Mailing List Archive

Safe, fast BGP table dumps in quagga
Hello Quagga developers

We are running quagga with about 60 sessions. We dump bgp tables once a
day. Recently, we have noticed that bgpd drops its sessions while it's
writing bgp tables to the disk. The reason is that table dump takes
close to 2 minutes in our case....

To solve the problem of table dumps locking the bgpd process, I propose
to divide the table dump procedure into two parts:
(1) Make an in-memory copy of the current routing table (RIB). Store the
time-stamp of the copy operation for later use.
(2) Dump the in-memory copy in small chunks to the file. So, the process
will dump a few entries in one go, then come up for air and do other
higher priority stuff like keepalive and update processing, and then
again dive back into table dumping.
The time-stamps dumped along with the table entries is the one stored in
step (1).

The advantage: it's simple enough to implement, and should solve our
problem. Step (1) should not lock bgpd long enough for it to miss the
keepalives. All the routing table entries will have a single time-stamp
which will make it easier to re-construct RIB at any instance by
applying updates to the dumped routing table entries...

The disadvantage: the extra memory and a bit of extra processing....

I am sending this e-mail to u for the following reasons:
(1) Are there any other problems/pitfalls that u guys can think of?
(2) If I make the extensions, would there be any interest in making this
a part of the quagga distribution? If so, how do u want me to proceed?
Alternatively, if u guys want to do it, what time frame would it take u
do it?

thx,
aman
Re: Safe, fast BGP table dumps in quagga [ In reply to ]
Aman Shaikh wrote:

> Hello Quagga developers
>
> We are running quagga with about 60 sessions. We dump bgp tables once
> a day. Recently, we have noticed that bgpd drops its sessions while
> it's writing bgp tables to the disk.
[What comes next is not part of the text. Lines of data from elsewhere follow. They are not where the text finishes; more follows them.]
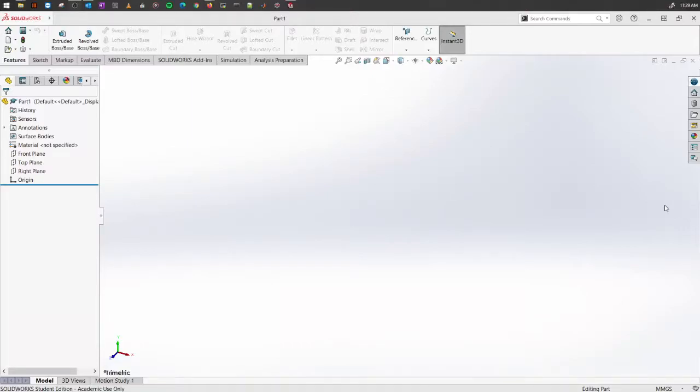From this point on we will introduce the feature tools. We will also show several examples to see how the feature tools work. The first one we will start working with is called the Extrude Boss or Base.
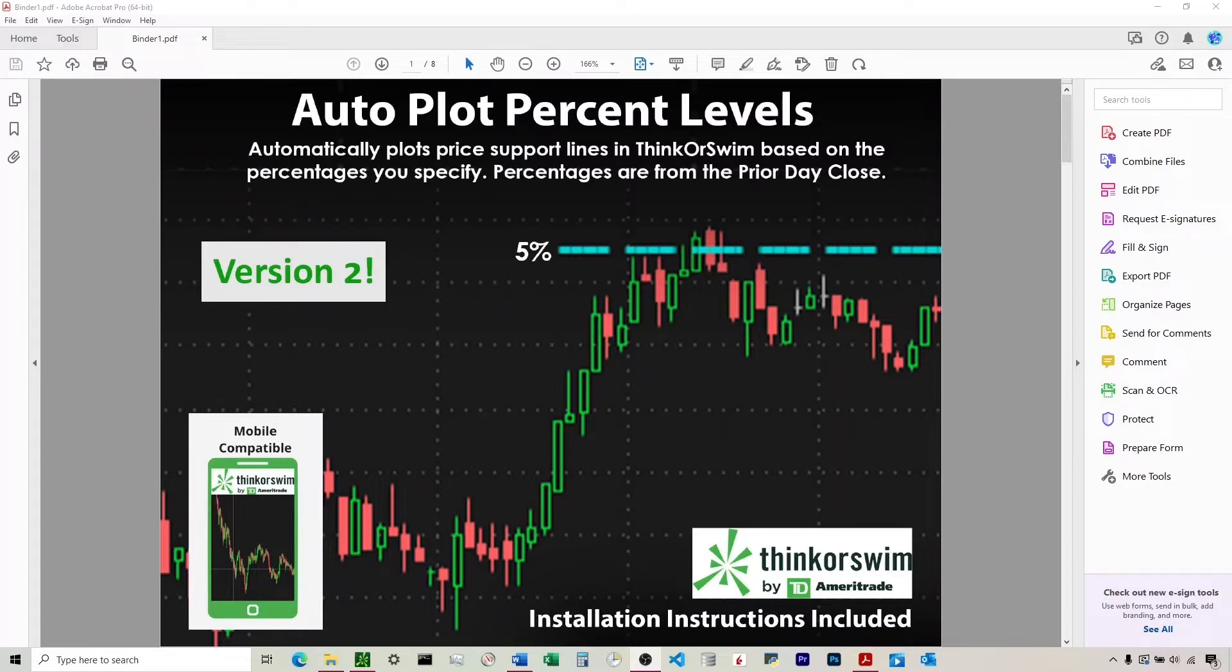All right, good afternoon. Today I'm going to be discussing a code I have for sale in my Etsy store that automatically plots various percent levels inside of the Thinkorswim software.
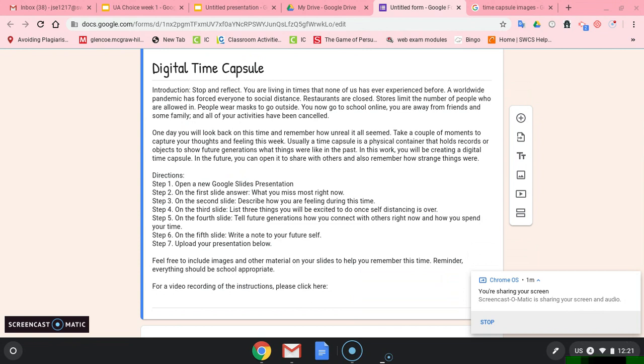Step three: On the second slide, describe how you are feeling during this time. And again, I would create a heading for my slide. You could just even label it something like my feelings.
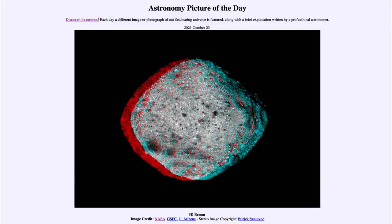Greetings and welcome to the Introduction to Astronomy. One of the things I like to do in each of my introductory astronomy classes is to begin the class with the Astronomy Picture of the Day from the NASA website, that is apod.nasa.gov/apod. Today's picture is for October 23rd of 2021.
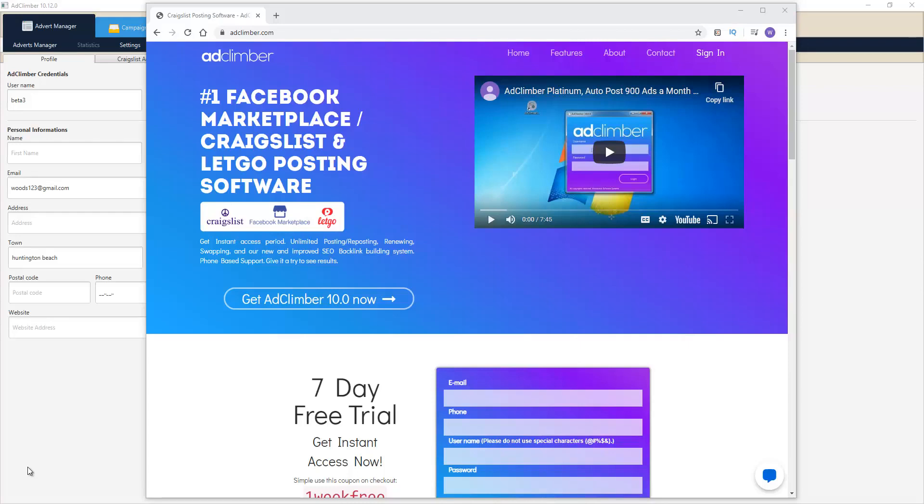Quality ads that run on Facebook, Craigslist, and Letgo for any of your products and services. So let me just go through a little bit of this with you.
The reason is that table dump
> takes close to 2 minutes in our case....
>
> To solve the problem of table dumps locking the bgpd process, I
> propose to divide the table dump procedure into two parts:
> (1) Make an in-memory copy of the current routing table (RIB). Store
> the time-stamp of the copy operation for later use.

Just fork. All systems where quagga works is copy on write so there is
virtually minimal overhead in that. In btw - gated dumps this way since
times forgotten.

> (2) Dump the in-memory copy in small chunks to the file. So, the
> process will dump a few entries in one go, then come up for air and do
> other higher priority stuff like keepalive and update processing, and
> then again dive back into table dumping.
> The time-stamps dumped along with the table entries is the one stored
> in step (1).

No need for that. See above.

>
> The advantage: it's simple enough to implement, and should solve our
> problem. Step (1) should not lock bgpd long enough for it to miss the
> keepalives. All the routing table entries will have a single
> time-stamp which will make it easier to re-construct RIB at any
> instance by applying updates to the dumped routing table entries...
>
> The disadvantage: the extra memory and a bit of extra processing....
>
> I am sending this e-mail to u for the following reasons:
> (1) Are there any other problems/pitfalls that u guys can think of?
> (2) If I make the extensions, would there be any interest in making
> this a part of the quagga distribution? If so, how do u want me to
> proceed? Alternatively, if u guys want to do it, what time frame would
> it take u do it?
>
> thx,
> aman
>
> _______________________________________________
> Quagga-dev mailing list
> Quagga-dev@lists.quagga.net
> http://lists.quagga.net/mailman/listinfo/quagga-dev
>
>
Re: Safe, fast BGP table dumps in quagga [ In reply to ]
Aman Shaikh wrote:

> Hello Quagga developers
>
> We are running quagga with about 60 sessions. We dump bgp tables once
> a day. Recently, we have noticed that bgpd drops its sessions while
> it's writing bgp tables to the disk. The reason is that table dump
> takes close to 2 minutes in our case....
>
> To solve the problem of table dumps locking the bgpd process, I
> propose to divide the table dump procedure into two parts:
> (1) Make an in-memory copy of the current routing table (RIB). Store
> the time-stamp of the copy operation for later use.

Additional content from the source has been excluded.